◆ **Records for processing**:
####

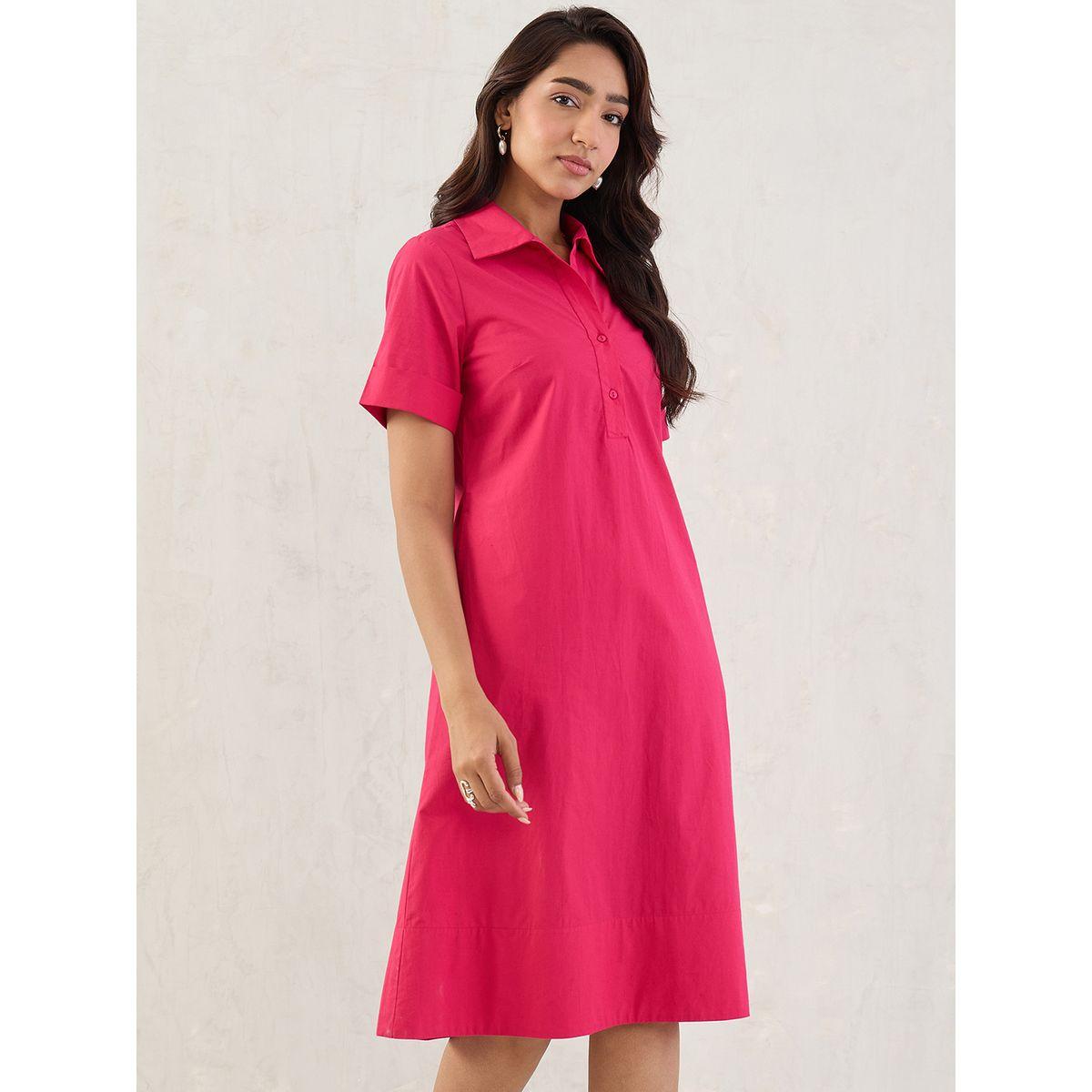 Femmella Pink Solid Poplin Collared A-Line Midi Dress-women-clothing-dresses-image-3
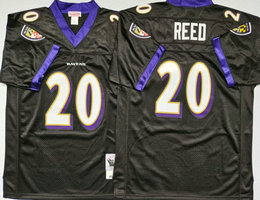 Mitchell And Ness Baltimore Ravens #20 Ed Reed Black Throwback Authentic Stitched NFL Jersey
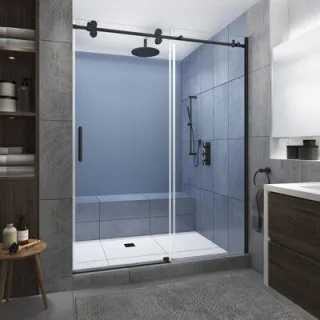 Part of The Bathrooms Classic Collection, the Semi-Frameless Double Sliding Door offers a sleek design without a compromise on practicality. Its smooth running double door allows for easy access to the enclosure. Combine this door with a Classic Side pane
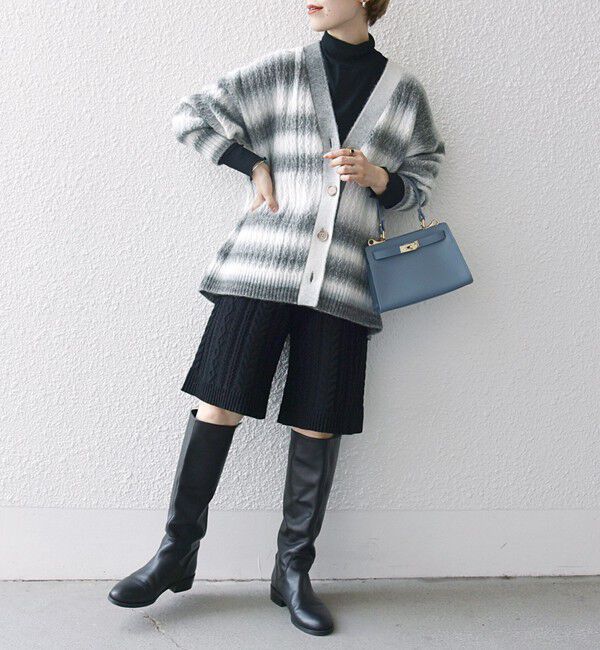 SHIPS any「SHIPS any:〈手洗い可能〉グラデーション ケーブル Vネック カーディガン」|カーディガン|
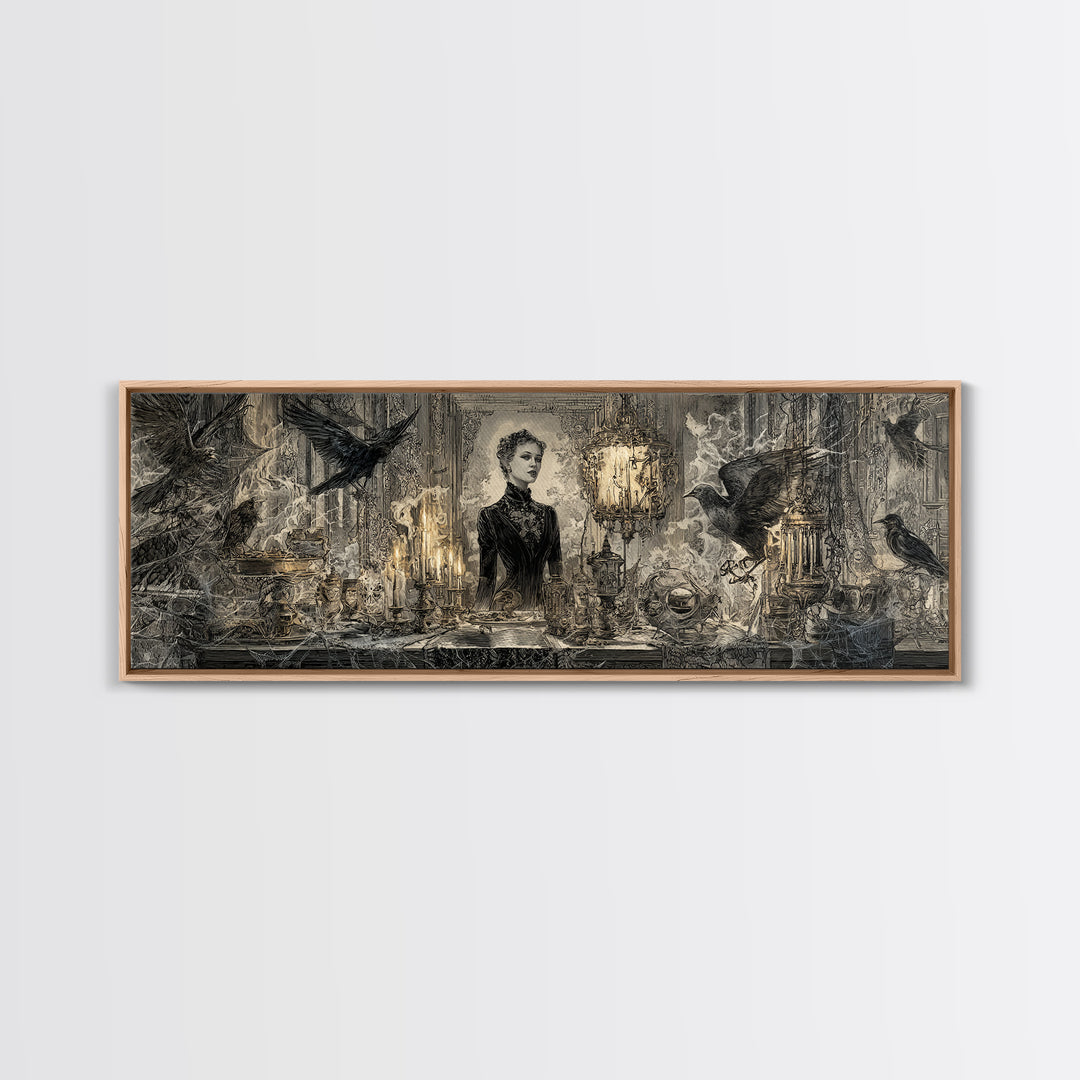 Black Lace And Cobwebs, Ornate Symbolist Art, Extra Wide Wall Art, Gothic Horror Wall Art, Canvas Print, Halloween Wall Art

####

◆ **Exercise objective**:
Repeat exactly the lines in the entries from the one containing "SHIPS any「SHIPS any:〈手洗い可能〉グラデーション" to the final line, inclusive, and nothing beyond them; skip pictures.

◆ **Solution to the exercise**:
 SHIPS any「SHIPS any:〈手洗い可能〉グラデーション ケーブル Vネック カーディガン」|カーディガン|
 Black Lace And Cobwebs, Ornate Symbolist Art, Extra Wide Wall Art, Gothic Horror Wall Art, Canvas Print, Halloween Wall Art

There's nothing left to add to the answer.